São Carlos FC
- Full name: São Carlos Futebol Clube
- Nicknames: Águia da Central Sanca
- Founded: 25 November 2004; 21 years ago
- Ground: Prof. Luiz Augusto de Oliveira
- Capacity: 10,000
- Chairman: Adílson Ferreira Brito
- League: Campeonato Paulista Segunda Divisão
- 2025 [pt]: Paulista Segunda Divisão, 13th of 15
| Home colours | Away colours |

= São Carlos Futebol Clube =

Brazilian football club

São Carlos Futebol Clube, more commonly referred to as São Carlos, is a Brazilian football club based in São Carlos, São Paulo.

Founded on 25 November 2004, they play in blue and yellow shirts, blue shorts and socks.

==History==
The club was founded on 25 November 2004, by club company.

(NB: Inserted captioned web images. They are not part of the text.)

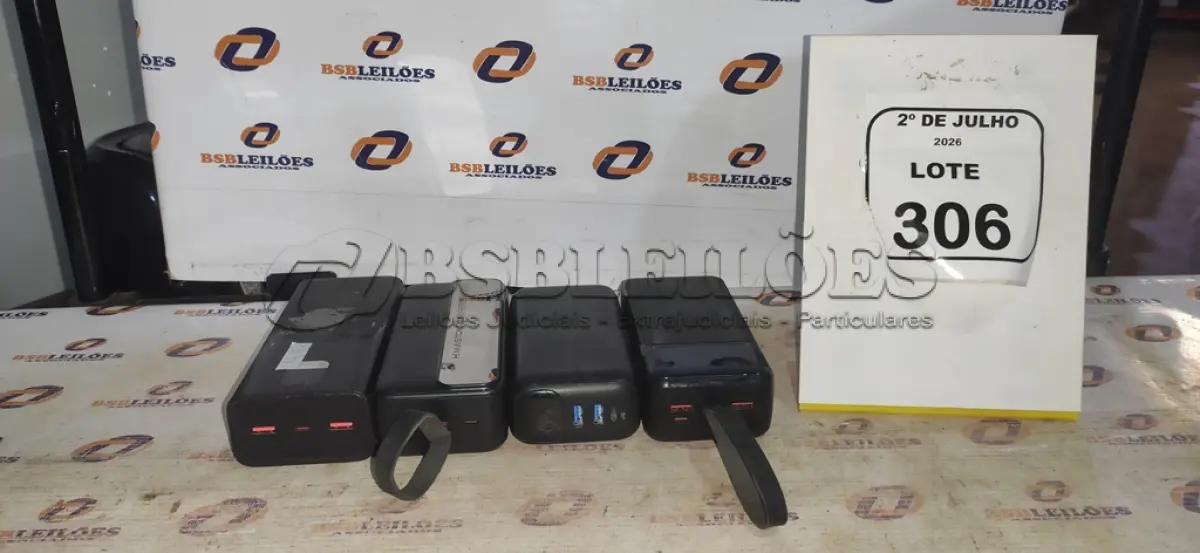LOTE 306 - 04 POWER BANK DE MARCAS DIVERSAS. (NO ESTADO) ATENÇÃO! FAZER A VISITAÇÃO ANTES DE ARREMATAR, NÃO SABEMOS SE FUNCIONA, LEILÃO NÃO TEM GARANTIA E NEM DEVOLUÇÃO, SUJEITO A POSSÍVEIS AVARIAS VISÍVEIS/OCULTAS E/OU AUSÊNCIA DE COMPONENTES.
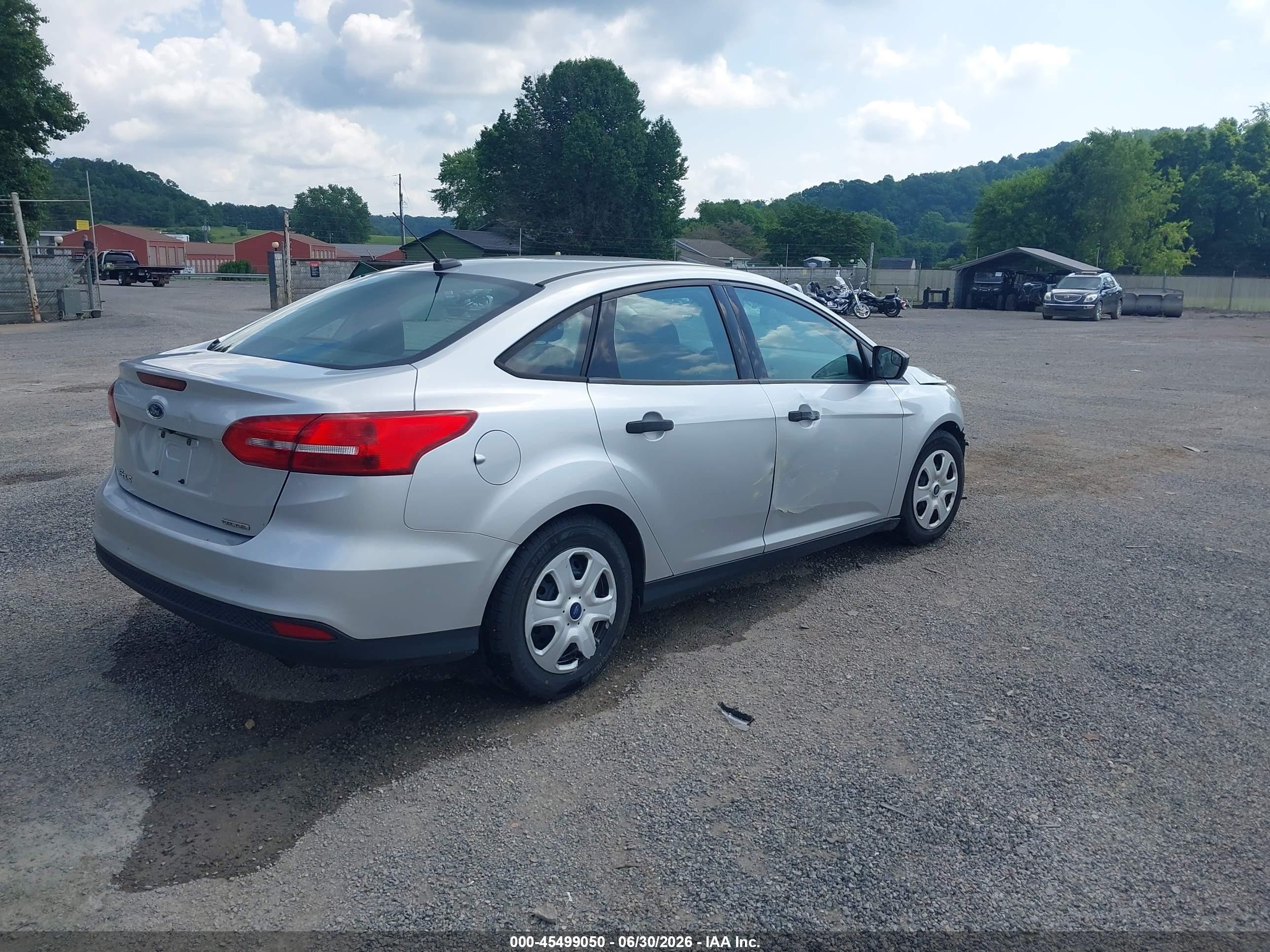 2015 Ford Focus S Серебряный vin: 1FADP3E27FL264256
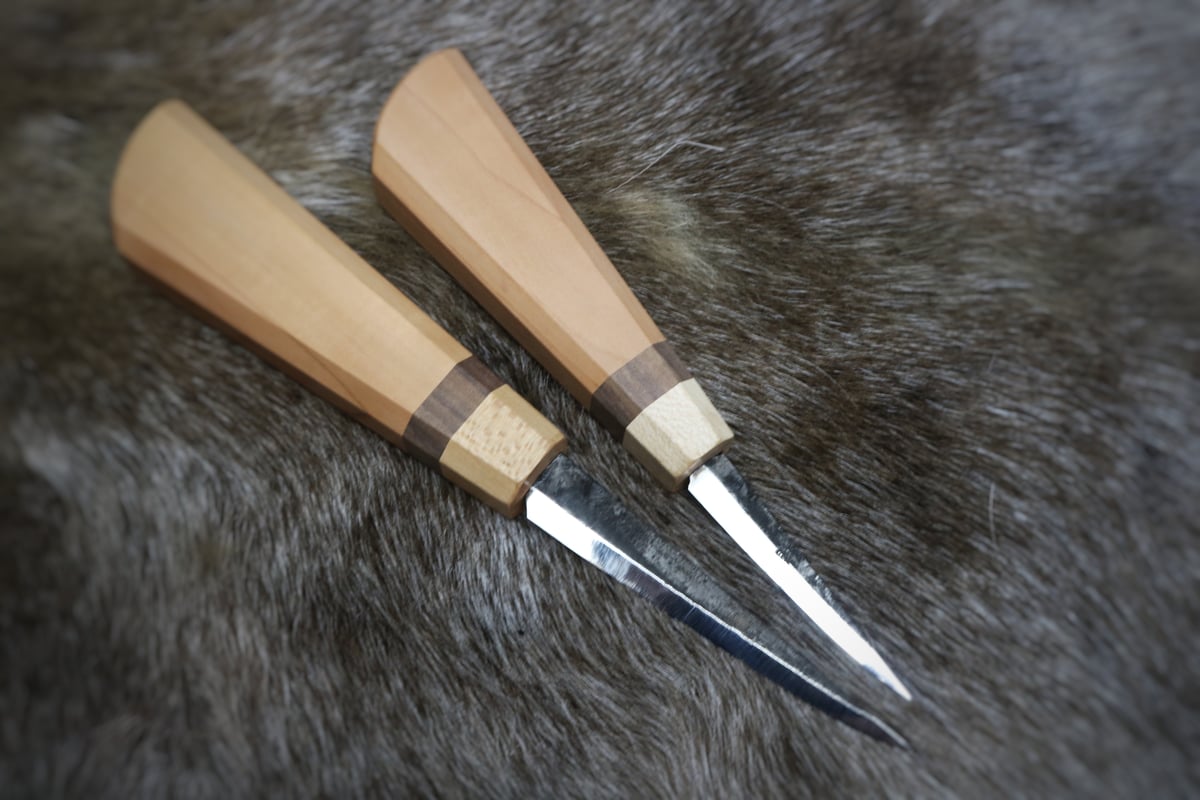 Image of 100mm and 70mm slöjd handled in pear, fumed oak and london plane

The mascot of the club is an Eagle.

==Honours==
- Campeonato Paulista Série A4
  - Winners (2): 2005, 2015

==Stadium==

São Carlos FC plays their matches at Luisão Stadium, inaugurated on 3 November 1968, with a maximum capacity of 10,000 people.

==Trivia==
- The club's mascot is an eagle.
- São Carlos FC is the only São Carlos's club to reach the Campeonato Paulista third division.